Uma pesquisa da Associação Brasileira para o Estudo da Obesidade e da Síndrome Metabólica (Abeso) e da Sociedade Brasileira de Metabologia e Endocrinologia (SBEM) realizada entre os dias de 11 e 21 de fevereiro deste ano ouviu 3.621 pessoas, entre 18 e 82 anos de idade, acima do peso, sendo 75,4% com diagnóstico nutricional de obesidade (89% mulheres). Um total de 85,3% dos participantes relatou ter sofrido constrangimento por causa do seu peso. Quanto maior o grau de obesidade, mais comuns os relatos: quase 100% das pessoas com grau III de obesidade disseram ter sido vítimas.
Proteção legal
Reportagem publicada no The New York Times na edição de 27 de fevereiro deste ano, sob o título “Brasil, terra da tanga, abraça seu eu mais pesado”, coloca o País na vanguarda mundial em cuidar da proteção legal de pessoas acima do peso. O jornal apontou leis municipais aprovadas em cidades como Recife, onde foi criado o “Dia Municipal de Luta contra a Gordofobia” em setembro de 2021.
A lei criada no Recife assegura às pessoas gordas carteiras escolares adequadas aos seus biotipos corporais nas instituições de ensino básico e superior da cidade, seja de instituições públicas ou privadas, além garantir o ensino livre de discriminação ou práticas gordofóbicas.
Dois projetos de lei do senador Romário de Souza Faria (PL-RJ), em tramitação no Senado, abordam perspectivas de acessibilidade da população gorda. O PL nº 3461/2020 visa a proibir a cobrança adicional para pessoas obesas em transportes – algumas companhias aéreas cobram um adicional de 20% do valor da viagem de pessoas obesas – e em eventos culturais.

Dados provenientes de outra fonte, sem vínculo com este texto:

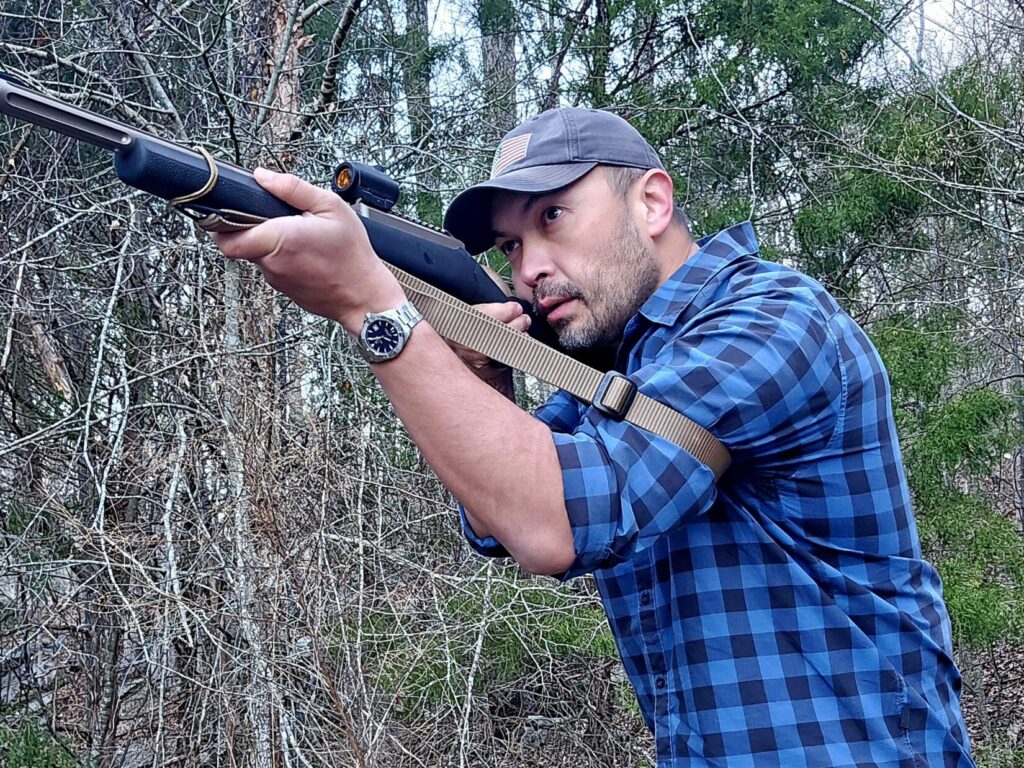 A man takes aim with a rifle in a wooded setting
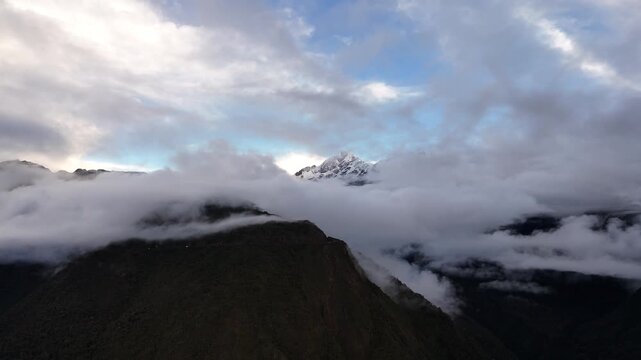Cinematic aerial footage of the drone moving forward into cloud cover which clears to dramatically reveal the majestic, snow-capped Mount Salkantay (6,271 meters) in the Peruvian Andes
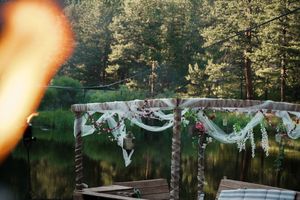 White decorative banners and bunting hang between trees in a woodland wedding setting at dusk.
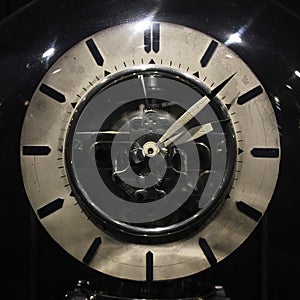 Old vintage antique clock on black background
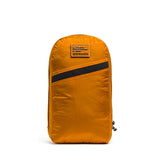 The Packable Bullet Ruck - Ripstop ROBIC® by GORUCK is an orange backpack with a diagonal black stripe and patch, shown on a white background. Made from durable Ripstop ROBIC® nylon for enhanced strength, this lightweight, packable backpack features AquaGuard zippers to keep your gear protected in any weather.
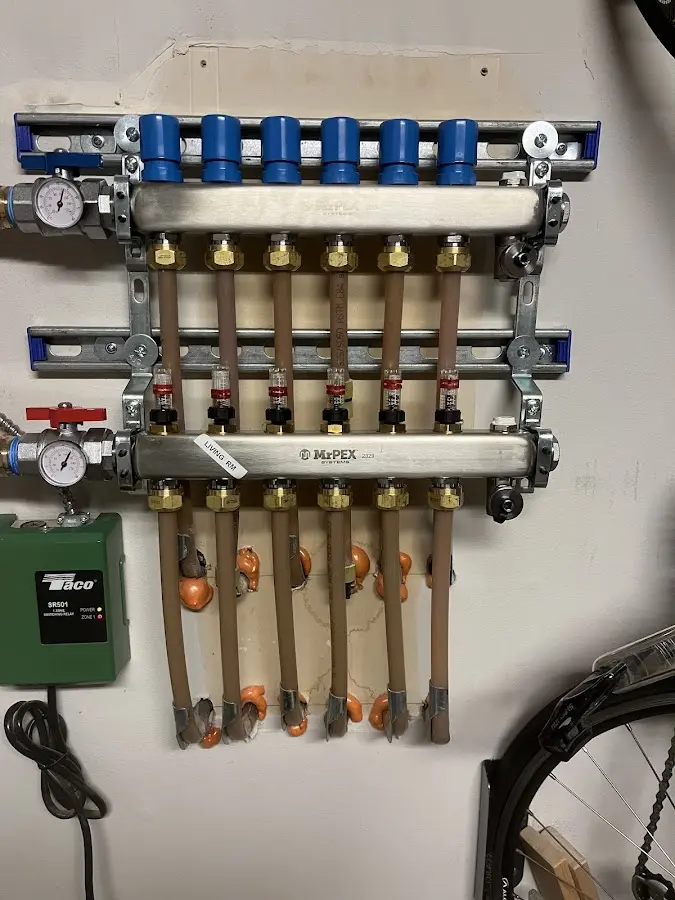 Plumber performing Gas Line Installation at a residential property in Short Pump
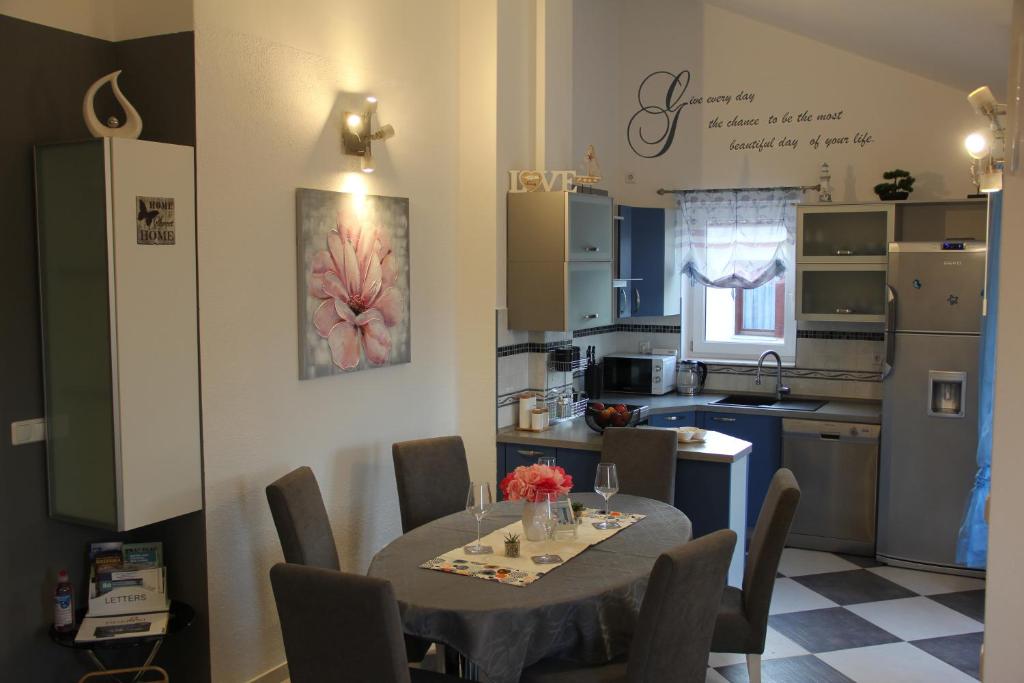 uma cozinha com uma mesa e cadeiras numa cozinha em Apartman Odin em Čižići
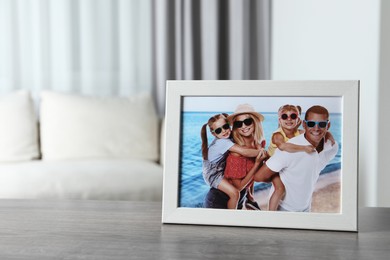 Frame with family photo on wooden table indoors, space for text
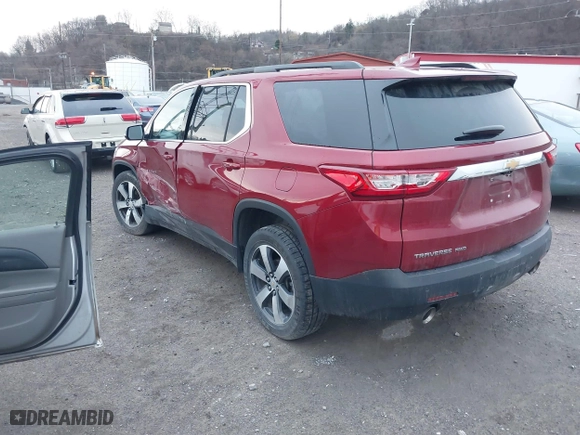 2019 Chevrolet Traverse LT Leather with VIN 1GNEVHKW1KJ164692, listed as a IAAI auction lot 41800874 with 76,866 mi miles. Bid and sale history available at carsss.com. Image 3.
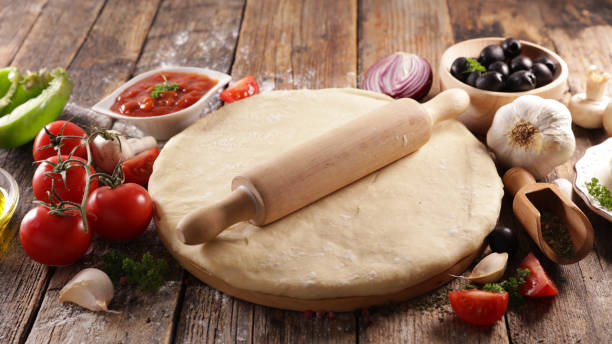 istock assorted of pizza dough and ingredient 1203701372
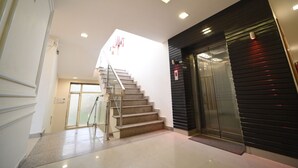 Ein modernes Interieur mit einer Treppe zum zweiten Stock, einer Glastür als Eingang und einem dunklen Aufzug.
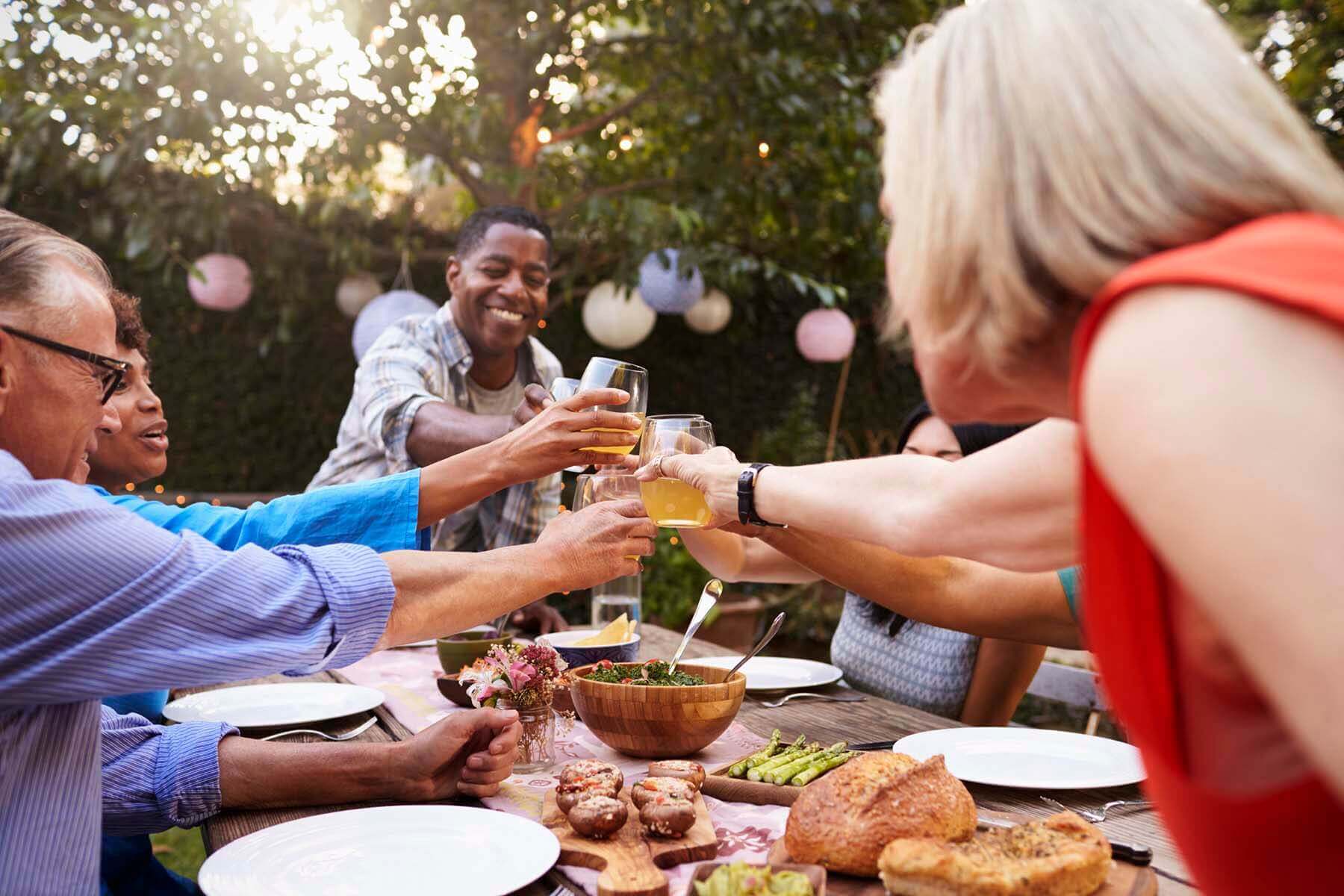 People toasting over the table during outdoor lunch
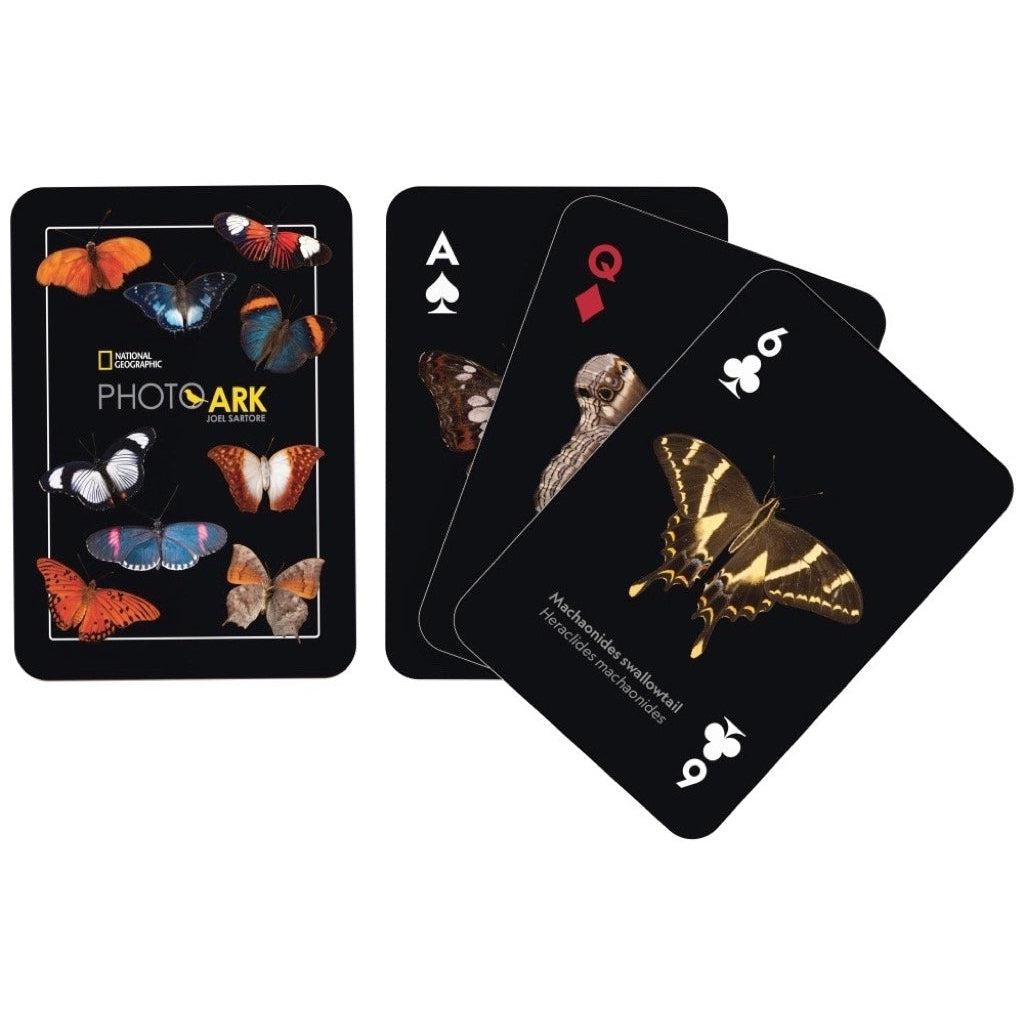 Image of the back of the deck of cards. On it are 9 pictures of different butterflies. Some examples include orange butterflies, blue butterflies, spotted butterflies, and brown butterflies.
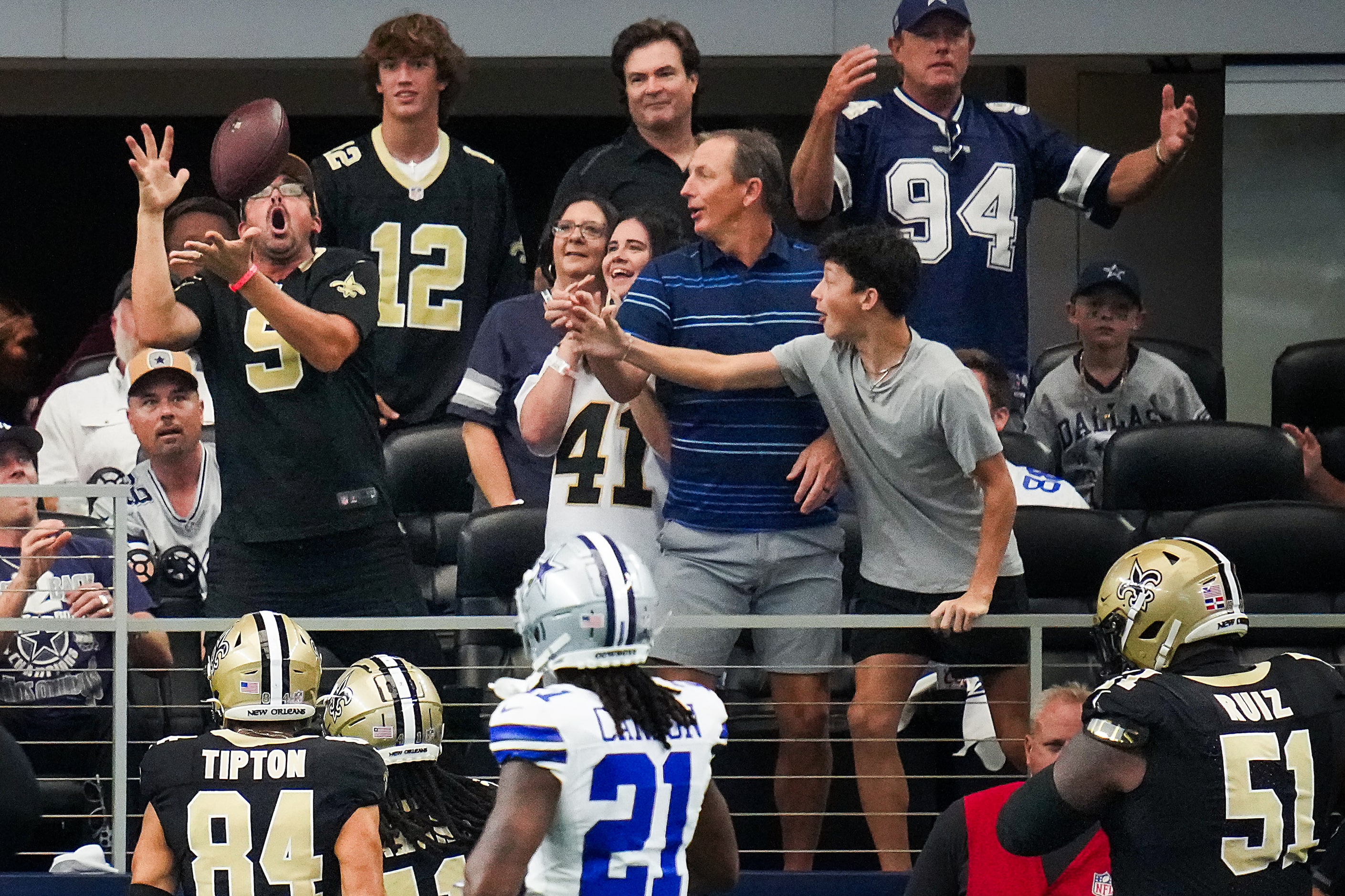 New Orleans Saints running back Alvin Kamara (41) tosses the ball to fans after scoring on a...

Já o PL nº 3526/2020 obriga hospitais e clínicas a disponibilizarem equipamento médico adequado para pessoas obesas Hoje não há nenhuma regulamentação nesse sentido, o que inviabiliza o atendimento de muitos pacientes, segundo Mariana.
Conforme a advogada, embora o Brasil ainda não tenha leis específicas contra a gordofobia, como nos casos de homofobia e feminicídio, os juízes têm utilizado leis de combate ao preconceito, ao crime de injúria e até o estatuto de proteção à pessoa com deficiência, no que tange à mobilidade, para a proteção da pessoa gorda.